La Momia nació, de la mano del austro-húngaro Karl Freund, en 1932, justo un año después que la criaturita ideada por Mary Shelley pisara la pantalla grande. De hecho, La Momia, a pesar de transcurrir en un teórico Egipto (en realidad, los decorados de cartón piedra de los estudios Universal), no es un film tan exuberante, visualmente hablando, como lo fueron las dos películas de Whale antes citadas. Su director apostó más por el intimismo, transcurriendo la mayor parte de su metraje entre cuatro paredes, bien fueran éstas las del museo de El Cairo y sus dependencias o las de la exótica residencia de Ardaht Bey, el personaje aristocrático y fantasmagórico en el que se encarna la momia del príncipe Im-ho-tep tras haber vuelto a la vida debido a un casual conjuro.
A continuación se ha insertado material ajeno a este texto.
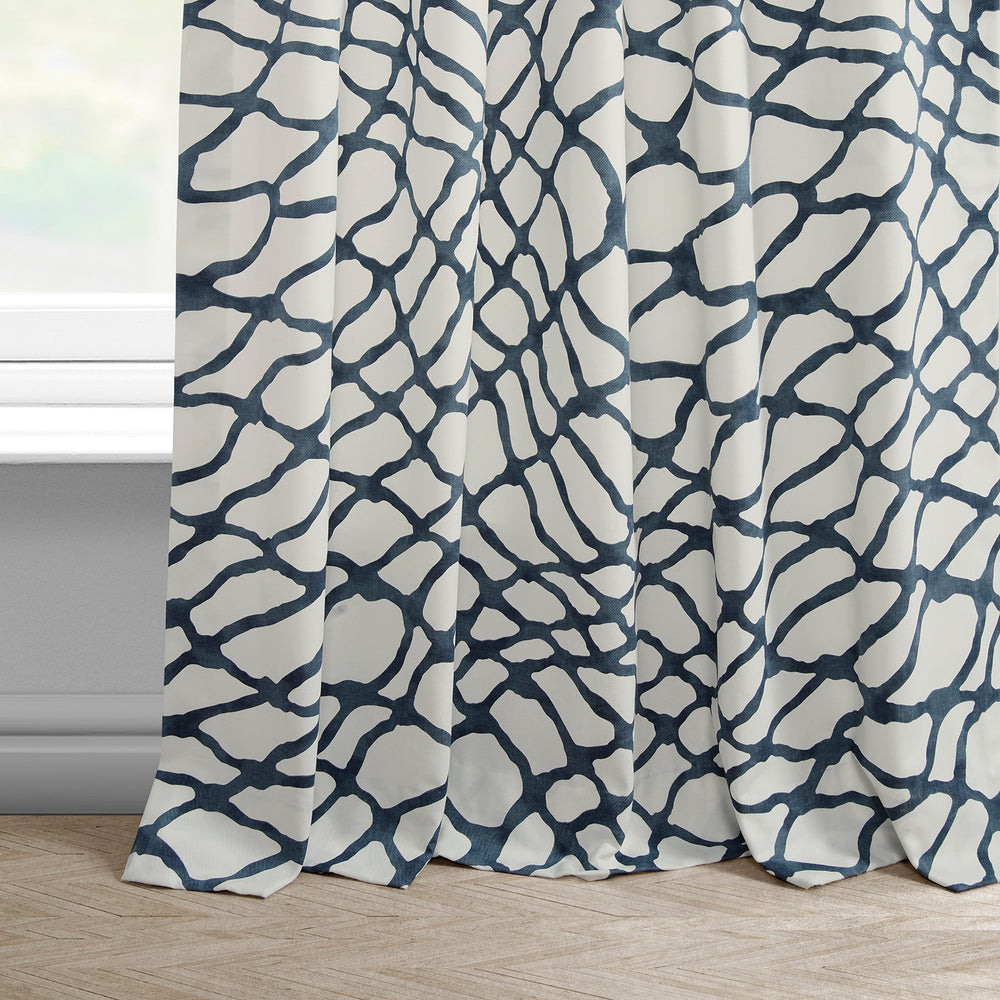 Ellis Blue Abstract Printed Cotton Custom Curtain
Ardaht Bey, alias Im-ho-tep, no es otro que Boris Karloff en una de sus múltiples creaciones. Envuelto en ajadas tiras de tela o vistiendo los lujosos ropajes de un misterioso y acaudalado egipcio, la presencia del actor resulta impresionante. Su desmesurada altura, la seriedad de su rostro o los lentos movimientos con los que se desplaza en el cuerpo del tal Ardaht, son las principales bazas con las que jugó Freund para ayudar a construir ese clima angustioso y tenso (a veces hasta poético) que se respira durante la proyección; un tema en el que influyó, sin lugar a dudas, la sabia labor de maquillaje aplicada para la construcción de las dos facetas visuales de tan tenebroso personaje.
Siempre apoyado en las luces y las sombras de su cuidada fotografía en blanco y negro, La Momia se adentra en una historia de amor inmortal en la que destaca una fuerte carga de vampirismo. Entre la figura del Conde Drácula y el príncipe Im-ho-tep hay muy poca distancia. Ambos, por ejemplo, utilizan el poder de la hipnosis para lograr que se les acerquen sus objetivos, dejándose seducir por unos encantos difíciles de adivinar a simple vista por el espectador.
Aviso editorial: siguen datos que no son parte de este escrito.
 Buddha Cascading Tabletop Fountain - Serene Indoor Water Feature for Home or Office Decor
Resulta curioso descubrir como, en sus escenas violentas, aquellas en las que la momia de Karloff ha de segar la vida a alguna de sus víctimas, la muerte de éstas generalmente quedan fuera de plano, tal y como ocurre con un vigilante del museo de El Cairo, el cual es asesinado y descubierto su cuerpo, posteriormente, con un viejo papiro entre sus manos; el papiro en el que está escrito el conjuro con el que el resucitado Im-ho-tep podría rescatar de las tinieblas a la princesa Anck-es-en Amon, la mujer por la que, tras su muerte, fue condenado a ser momificado y enterrado con vida dentro de un sarcófago.
Su brillante prólogo, ambientado en 1920 y en el que un grupo de expedicionarios da con el sarcófago en el que descansa, desde hace 3700 años, la momia de Im-ho-tep; el despertar de ésta, desapareciendo de escena tras dejar en estado catatónico a un joven arqueólogo o el fragmento final, en el que Karloff pretende llevar a cabo los ritos macabros de un sacrificio humano con la finalidad de volver a estar al lado de su gran amor, son todos ellos momentos de pura antología del cine de horror.
La exagerada interpretación (rayana en la mímica) de sus actores; la frialdad de su puesta en escena o la irregularidad de una banda sonora que a veces brilla por su ausencia, son detalles más que perdonables teniendo en cuenta que la mayoría de actores y técnicos aún denotaban ciertos vicios procedentes del cine mudo.
En poco más de una hora y yendo al grano en todo momento, Boris Karloff, bajo la batuta de Karl Freund, logró aterrorizar a las plateas de todo el mundo con su fúnebre caracterización. Hoy, esa sensación de terror que sintió el público de una época, ha dado paso al reconocimiento de una artesanal e inteligente labor de quienes llevaron a cabo tal empresa. Un film que hay que ver con un cariño especial y recordando, en todo momento, que a la Industrial Light & Magic aún le quedaban muchos años para nacer.